== Segment start ==

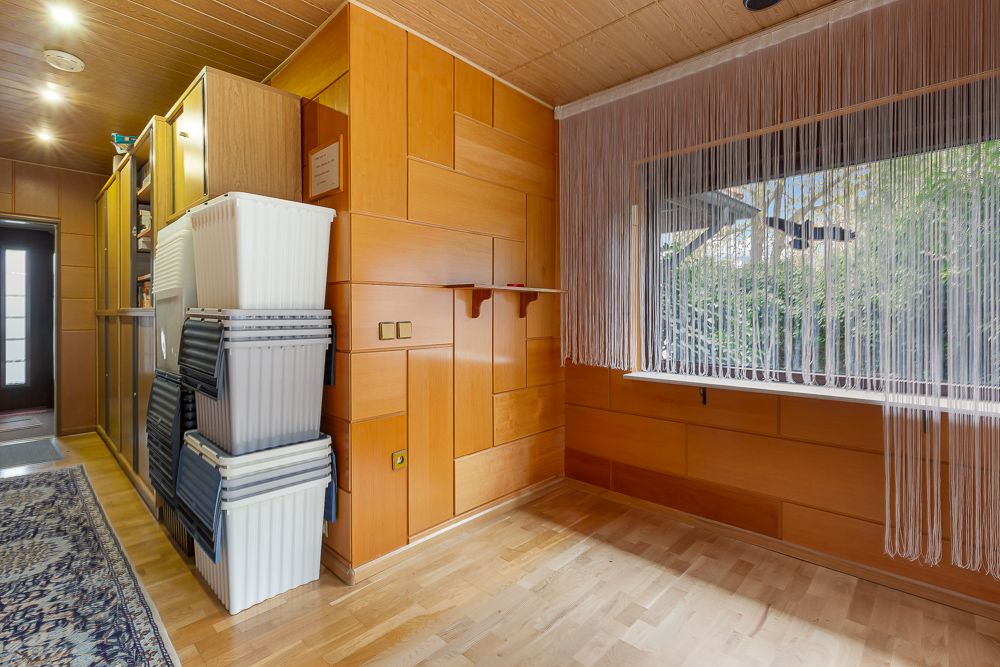 Raum mit Holzverkleidung, Regal, Plastikboxen, großem Fenster und Fadenvorhang.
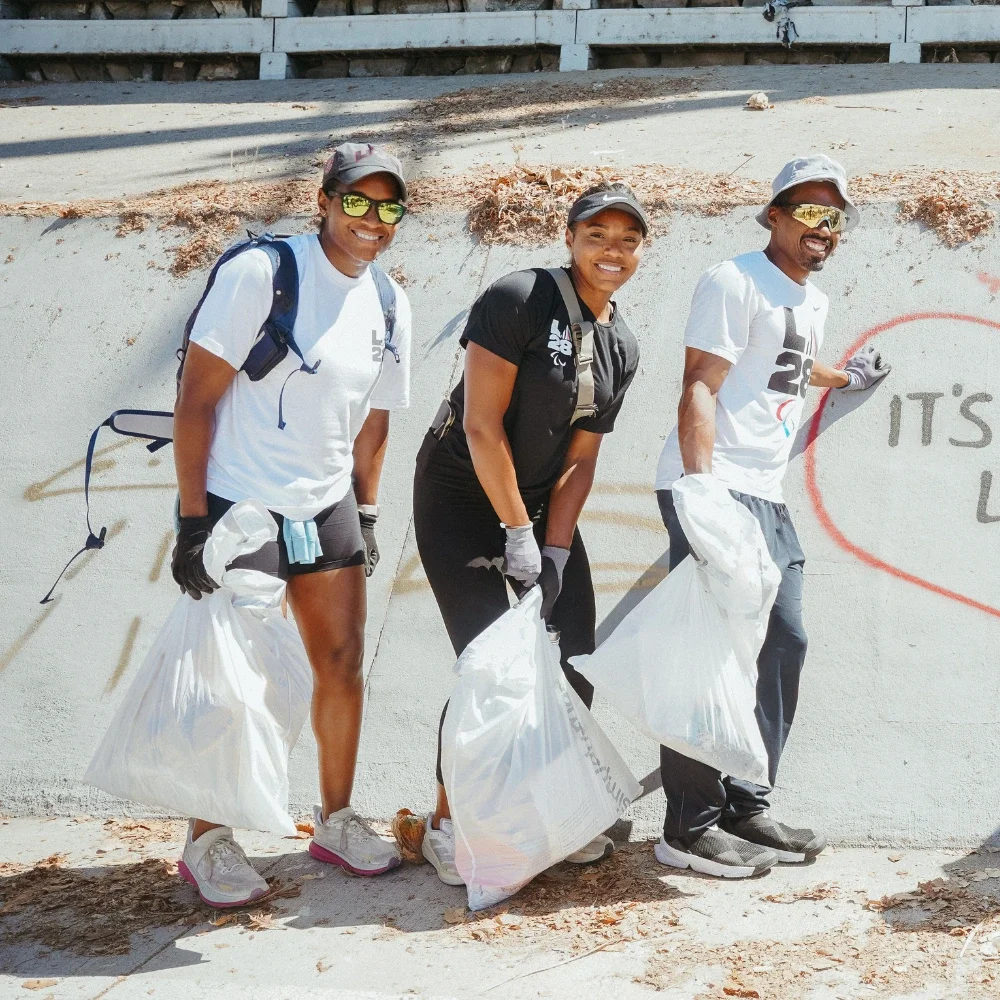 A photograph of two women and one male standing next to each other smiling while holding trash bags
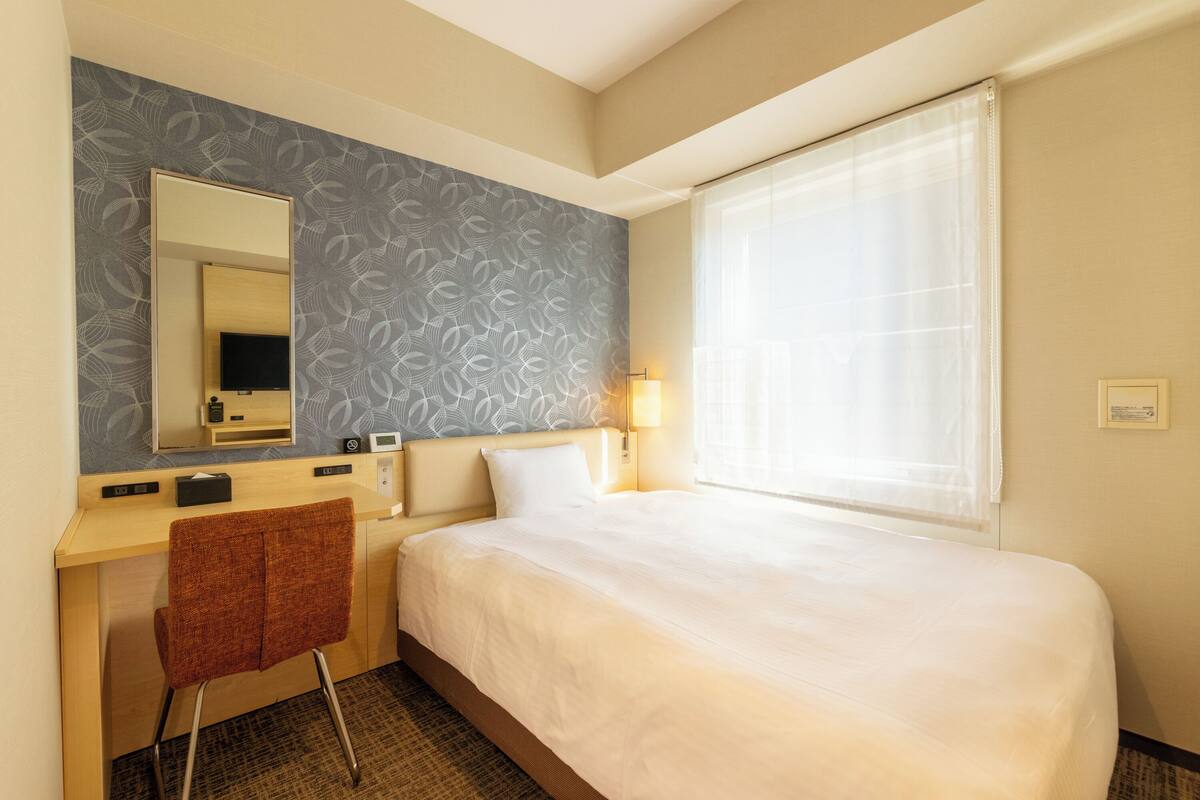 Habitación de hotel con cama, escritorio, silla, espejo, televisor y ventana con cortinas.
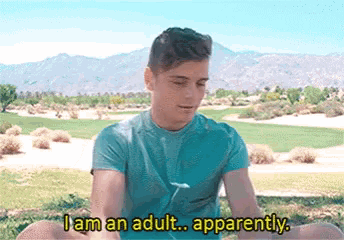 a man in a blue shirt is sitting on the grass and says i am an adult apparently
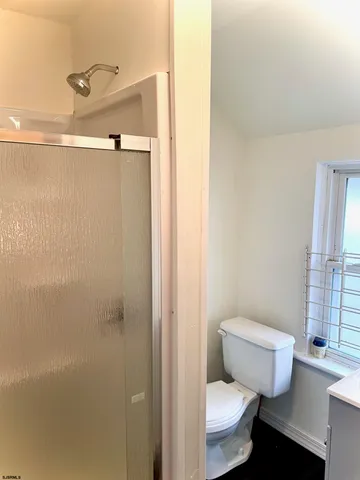 a white toilet sitting next to a bathroom sink and vanity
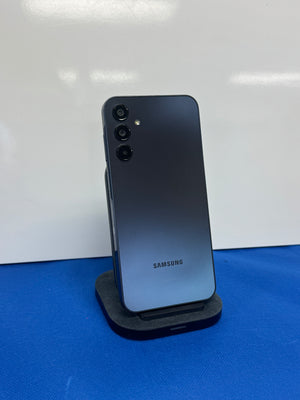 Samsung smartphone shown from the back, resting on a black charging stand against a white wall with a blue surface below.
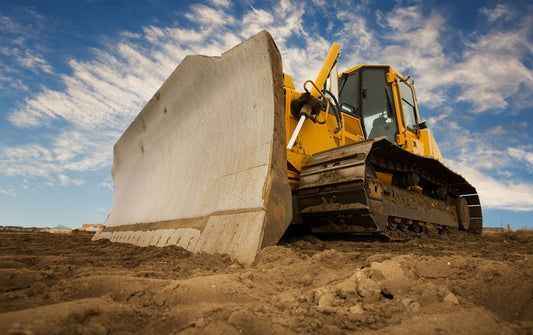 A bulldozer is moving dirt on a construction site.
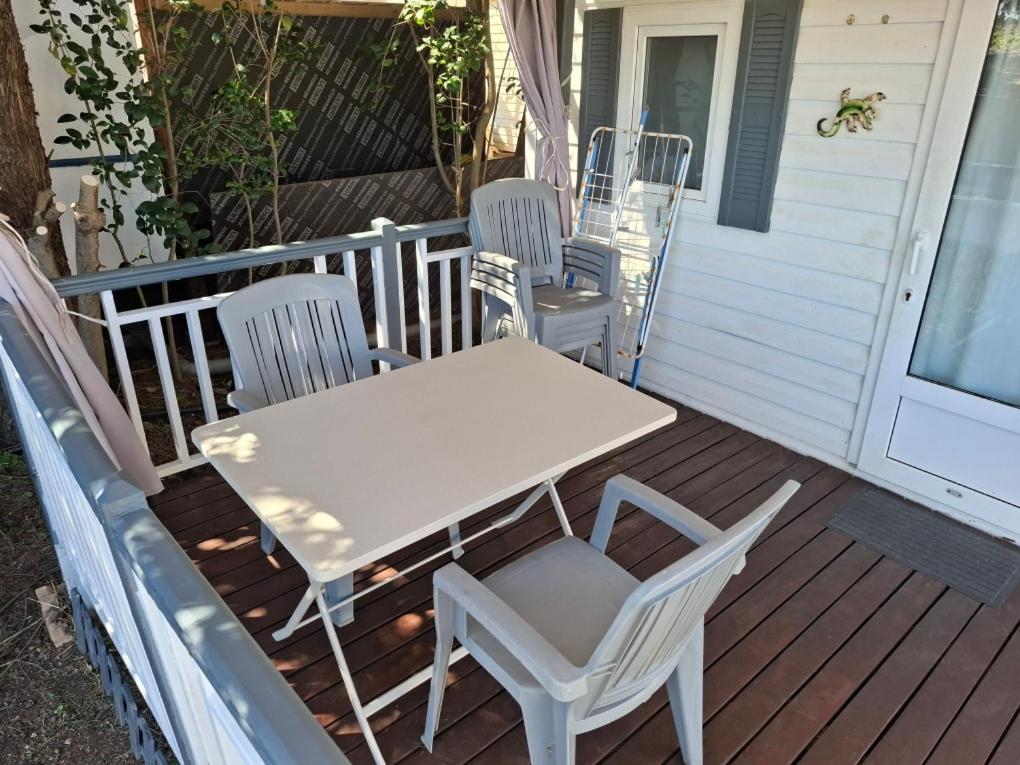 - une table et des chaises blanches sur une terrasse couverte dans l'établissement Mobil Home Camping New Day, à Vic-la-Gardiole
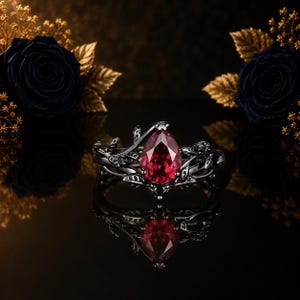 Puede incluir: Un anillo de metal negro con una piedra preciosa roja en forma de pera en el centro. La banda presenta motivos intrincados de enredaderas y hojas que envuelven la piedra central, acentuados por pequeñas piedras negras incrustadas.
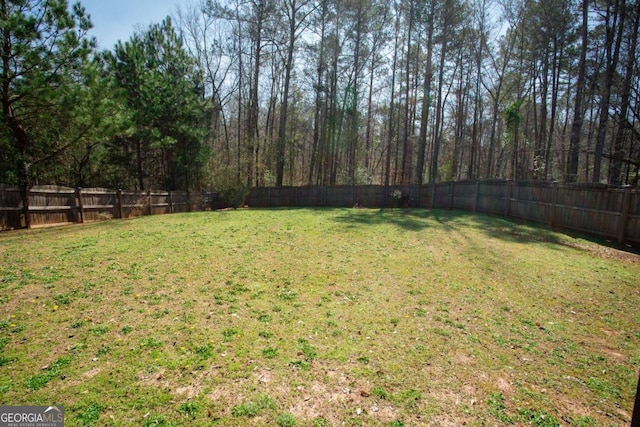 view of yard with a fenced backyard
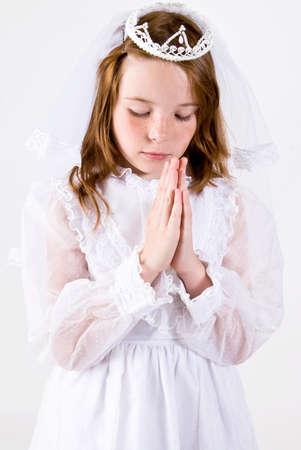 Young girl in First Communion dress prayingの写真素材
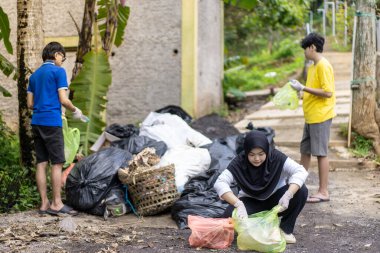 Çöp toplama. Bir grup Asyalı genç plastik atıkları ayırıyor. İnsanlar çöplerle uğraşırken görülüyor..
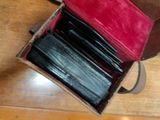 a box with a bunch of pens in it on a table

== Segment end ==

# Task
Word for word, please reproduce each entry above and leave out every picture.

# Exercise solution
 Raum mit Holzverkleidung, Regal, Plastikboxen, großem Fenster und Fadenvorhang.
 A photograph of two women and one male standing next to each other smiling while holding trash bags
 Habitación de hotel con cama, escritorio, silla, espejo, televisor y ventana con cortinas.
 a man in a blue shirt is sitting on the grass and says i am an adult apparently
 a white toilet sitting next to a bathroom sink and vanity
 Samsung smartphone shown from the back, resting on a black charging stand against a white wall with a blue surface below.
 A bulldozer is moving dirt on a construction site.
 - une table et des chaises blanches sur une terrasse couverte dans l'établissement Mobil Home Camping New Day, à Vic-la-Gardiole
 Puede incluir: Un anillo de metal negro con una piedra preciosa roja en forma de pera en el centro. La banda presenta motivos intrincados de enredaderas y hojas que envuelven la piedra central, acentuados por pequeñas piedras negras incrustadas.
 view of yard with a fenced backyard
 Young girl in First Communion dress prayingの写真素材
 Çöp toplama. Bir grup Asyalı genç plastik atıkları ayırıyor. İnsanlar çöplerle uğraşırken görülüyor..
 a box with a bunch of pens in it on a table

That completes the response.